And with her book, I was like, you know, I can't add anything she can't write, she's brilliant. And so I said, but let me work on this and students could kind of read the book, and then we'll have you know, we'll actually have materials that they could access so they can do the things in the book.


So, all those things kind of came together and I was like, “Let's create this website, and let's give it away for free.” Let's try to support and power and help kids’ teachers, you know, and so that's where that came about. Also, as my time as a school psychologist, if a kid was referred and I worked in a really small district, we wouldn't have like a large norm and we didn't want to use a national norm because you don't know if that's going to match up to that particular school district.


And so we would have to go in and collect a school-wide norm and class-wide norms. And what I would find oftentimes is a kid would get referred and they were maybe at eight digits correct per minute. Well, geez, if they were in like a, you know, a two grade, you know, there's two, two classes in each grade, I mean, out of the 40 kids, probably 10 of them were below 10 digits correct per minute.


And then, you know, another, about half of them were below 15. And so my God, I saw all the time, we have a basic fact crisis, like kids are not moving past counting, And even, you know, reformists and whatnot, you know, they don't want people to memorize facts, but I'll tell you what they want people to do the decomposition strategies and things of that nature.


So there's a basic fact crisis. And so, you know, the teachers, the kids were really strategy-dependent on counting strategies. And so obviously the low half, they weren't using more efficient decomposition strategies and they weren't using retrieval.


And so, I couldn't sit there and validate whether I should, you know, assess this person for special education eligibility because it wasn't a kid problem, it was a grade problem and a class problem, and so I figured out real quick it's just not about having intensive remediation stuff.


We better do a kind of a tier one type approach because you know, all students would benefit from tier one instruction.


[00:40:22] Anna Stokke: And so I think part of what I hear you saying is there isn't a focus on making sure that kids have committed basic facts to memory, right? And they're relying on decomposition strategies instead. So maybe thinking of, maybe they know a double, and so they work out an addition fact from that or a multiplication fact from that instead of just knowing automatically what the fact is. Is that correct?

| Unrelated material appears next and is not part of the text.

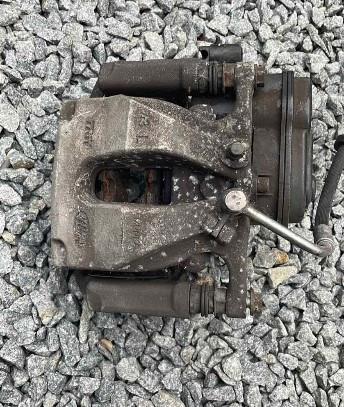 LAND ROVER LR036571 Скоба заднего суппорта в наличии Каменское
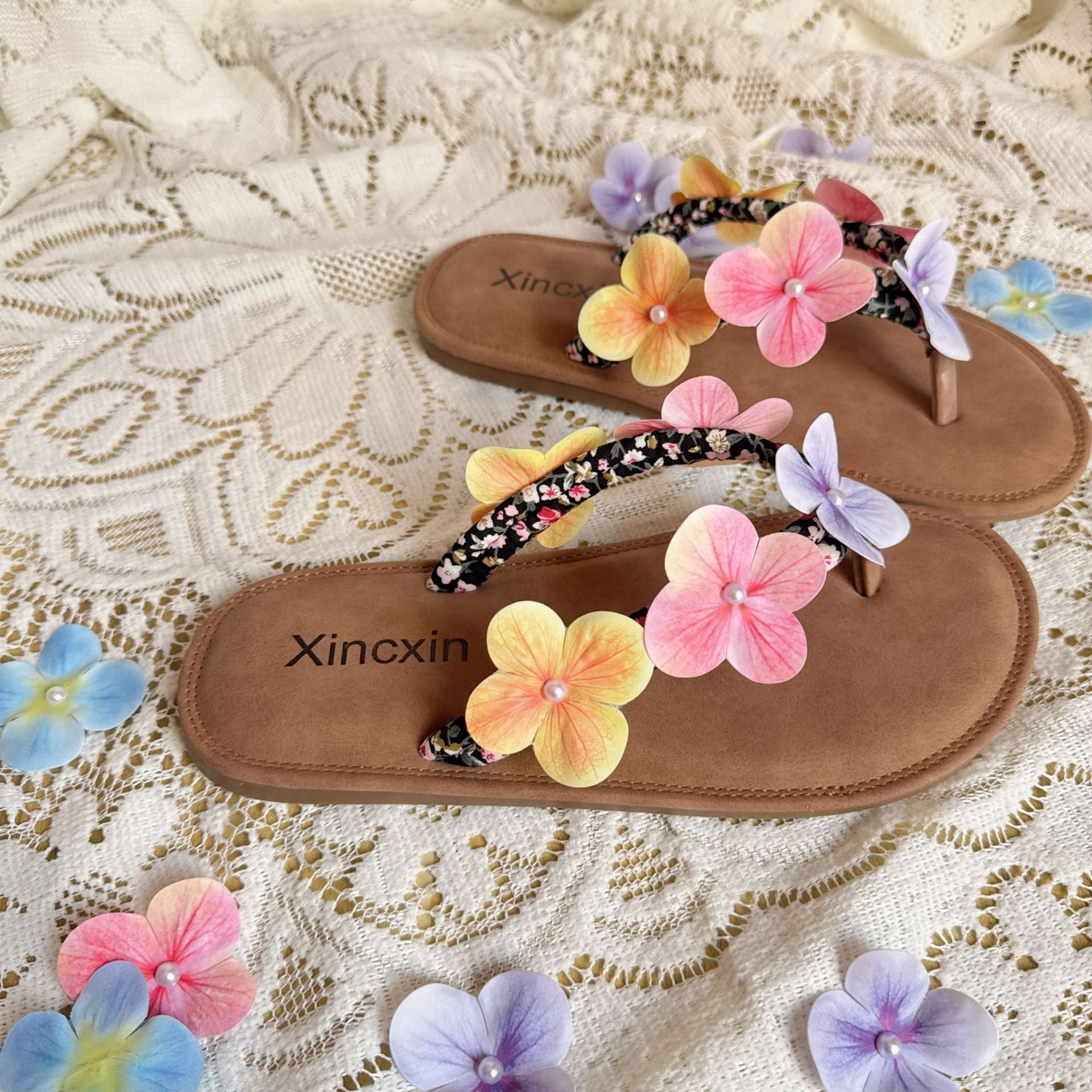 Women summer fashion outdoor wear versatile seaside flip flops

[00:40:50] Brian Poncy: Yeah, that's correct. And, I mean, NCTM has been pretty firm lately, and I think it's, kind of unfortunate really, they'll say we don't want kids to memorize facts, but then they'll kind of also vacillate on that and be, well, if they memorize them, it's okay as long as they do it through a strategy or a procedure.


And so I think you know, teachers you know, follow that model, and so they provide students with procedures to use. And of course, that's counting, counting on, making tens, doubles plus one. You know, they have a scope and sequence there of what they like to do.

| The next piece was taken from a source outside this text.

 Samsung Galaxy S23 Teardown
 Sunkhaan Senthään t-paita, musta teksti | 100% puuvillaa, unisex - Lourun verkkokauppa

[00:41:25] Anna Stokke: About the NCTM, by the way, and just the idea that they're fine with kids committing facts to memory, as long as they get there through a strategy, my guess is that that likely has to do with some vision of what conceptual understanding means.


So there's a fear that students will just memorize and not know what anything means, so that's likely where that's coming from. But then, you know, what ends up happening is so much time is spent on these strategies and then students actually don't commit the facts to memory. Does that ring true to you?


[00:42:02] Brian Poncy: Yeah, when I think about kids committing things to memory there has to be somewhat of a tight temporal window between the stimulus and the response. And so, if I sit there and I see eight plus nine, and I, and even if I say, “Oh, the nine is bigger, but you count on eight.” And then you say “17,” you don't remember the eight plus nine anymore because you went 9, 10, 11, 12, 13, 14, 15, 16. You know, and then you say the answer.


Now if I say, what's three plus two and a kid goes “three, five.” Right? Three, two, five. Well, that they can memorize.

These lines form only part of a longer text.